The notebook will include the following steps:

Load the WOfS feature layer product and Landsat 8 data
Identify water pixels from WOfS
Plot a true-colour image using Landsat data
Plot the water body area for the same area using WOfS data
Customise the plots

At the conclusion of this exercise, you will be able to determine the extent of water bodies using the WOfS product.

Set up notebook¶

In your Training folder, create a new Python 3 notebook. Name it Water_extent_exercise.ipynb. For more instructions on creating a new notebook, see the instructions from Session 2.

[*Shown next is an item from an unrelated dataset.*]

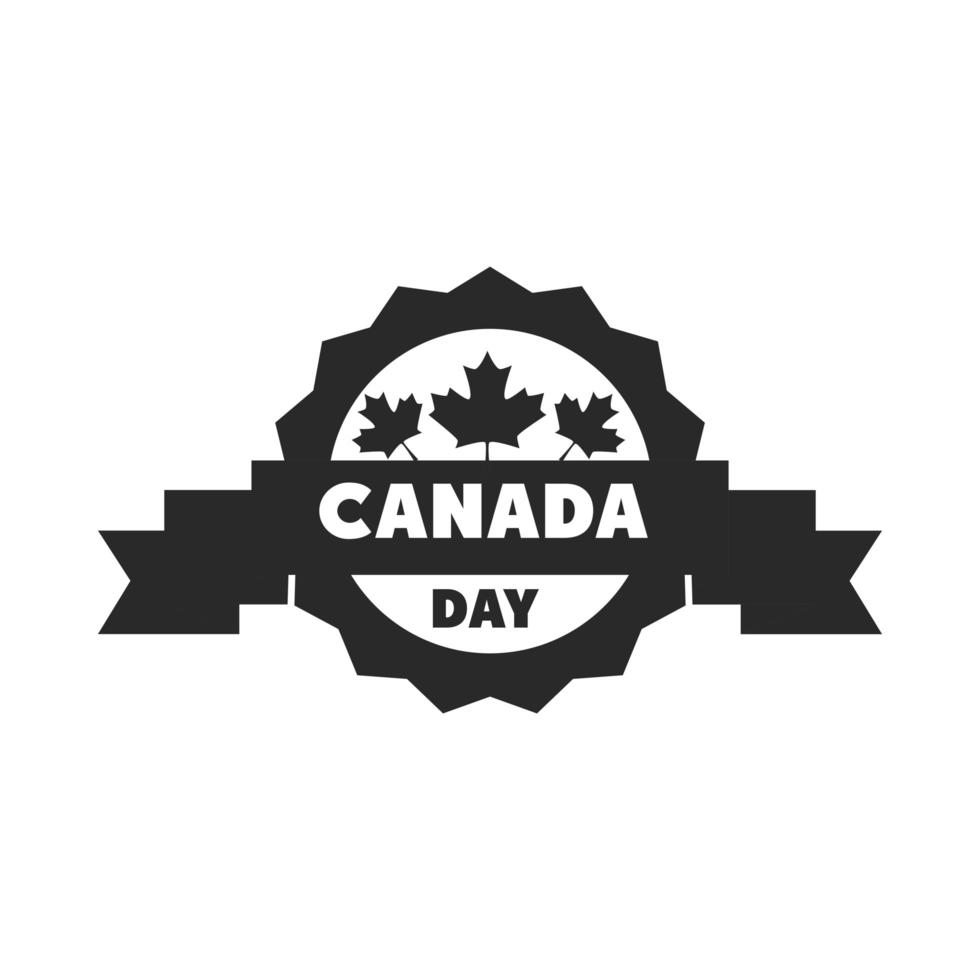 canada day maple leaves celebration label decoration silhouette style icon vector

Load packages and functions¶

In the first cell, type the following code and then run the cell to import necessary Python dependencies.

import numpy as np
import matplotlib.pyplot as plt
%matplotlib inline

import datacube

from deafrica_tools.datahandling import load_ard, wofs_fuser
from deafrica_tools.plotting import display_map, rgb

In this exercise, we import one new function, wofs_fuser. wofs_fuser ensures WOfS data between scenes is combined correctly.

Note

As of June 2021, the deafrica_tools package has replaced the deprecated sys.path.append('../Scripts') file import. For more information on deafrica_tools, visit the DE Africa Tools module documentation.

Connect to the datacube¶

Enter the following code and run the cell to create our dc object, which provides access to the datacube.

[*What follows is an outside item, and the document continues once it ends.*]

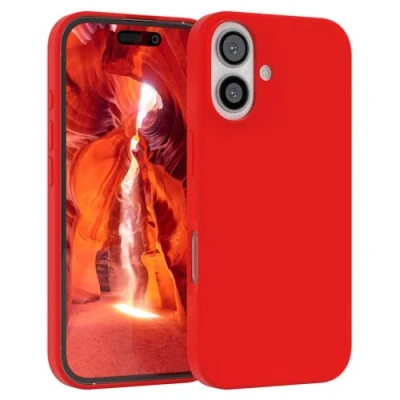 Abbildung von EAZY CASE Premium Silikon Handyhülle kompatibel mit iPhone 16 Slimcover Kameraschutz und Innenfutter, Silikonhülle, Schutzhülle, Bumper, Handy Case, Hülle, Softcase, Rot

dc = datacube.Datacube(app="water_extent_exercise")

Select area of interest¶

In the next cell, enter the following code, and then run it to select an area and time. In this exercise, we use a central point and buffer to define our area of interest, similar to what we did in the Session 5 exercise.

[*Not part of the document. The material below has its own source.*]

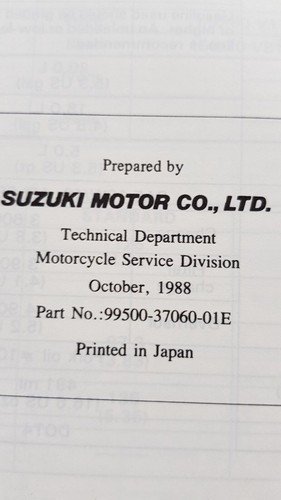 SUZUKI GSX 750 F 1988 manuale officina originale workshop manual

The only difference here is that we provide a latitude buffer and a longitude buffer. In this example, they have the same value. However, choosing different buffer values allows you to select rectangular areas of interest, rather than squares.

# Define the area of interest
lat = -6.0873
lon = 35.1817

lat_buffer = 0.2
lon_buffer = 0.2

# Combine central lat, lon with buffer to get area of interest
lat_range = (lat - lat_buffer, lat + lat_buffer)
lon_range = (lon - lon_buffer, lon + lon_buffer)

# Define the year
time = '2018'

Note

Recall code lines beginning with # are comments. They help explain the code, and can be removed or added without impacting the actual Python scripts.

In the next cell, enter the following code, and then run it to show the area on a map. Since we have defined our area using the variables lon_range and lat_range, we can use those instead of typing out (lat - lat_buffer, lat + lat_buffer) and (lon - lon_buffer, lon + lon_buffer) again.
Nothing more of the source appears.